IC221: Systems Programming (SP15)


Home Policy Calendar

Lec 18: File Duplication and Pipes

Table of Contents

1 Resource Duplication Across Forks

Recall, from our discussion of fork() and process duplication, the entire process is duplicated, not just the code, but also all the state of the process. This includes the entire state of memory, such as the values of variables. For example, consider the program below that will fork 5 children tracked with a variable i, which is printed from the child, then manipulated in the child, and printed again in the parent.

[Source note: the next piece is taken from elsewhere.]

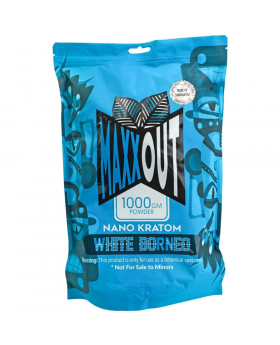 MAXXOUT WHITE BORNEO 1000GM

  int main(int argc, char * argv[]){

  int status;
  pid_t cpid, pid;

  int i=0;

  while(1){ //loop and fork children

    cpid = fork();

    if( cpid == 0 ){
      /* CHILD */

      pid = getpid();

      printf("Child: %d: i:%d\n", pid, i);

      //set i in child to something differnt
      i *= 3;
      printf("Child: %d: i:%d\n", pid, i);

      _exit(0); //NO FORK BOMB!!!
    }else if ( cpid > 0){
      /* PARENT */

      //wait for child
      wait(&status);

      //print i after waiting
      printf("Parent: i:%d\n", i);

      i++;
      if (i > 5){       
        break; //break loop after 5 iterations
      }

    }else{
      /* ERROR */
      perror("fork");
      return 1;
    }

    //pretty print
    printf("--------------------\n");
  }

  return 0;
}

And we can see the output of this program

>./shared_variables
Child: 3833: i:0
Child: 3833: i:0
Parent: i:0
--------------------
Child: 3834: i:1
Child: 3834: i:3
Parent: i:1
--------------------
Child: 3835: i:2
Child: 3835: i:6
Parent: i:2
--------------------
Child: 3836: i:3
Child: 3836: i:9
Parent: i:3
--------------------
Child: 3837: i:4
Child: 3837: i:12
Parent: i:4
--------------------
Child: 3838: i:5
Child: 3838: i:15
Parent: i:5

Looking through the output, we can see each of the 5 children identified by their process id, and we can track the state of the variable i. It is initialized in the parent prior to the fork, and that value is duplicated to the child, as indicated by the first child print. The child then multiplies i by 3, and prints the value again, which is indicated by the second child print. Meanwhile, the parent is waiting for the child to terminate with a call to wait(), and then prints its own view of the variable i, which is unchanged.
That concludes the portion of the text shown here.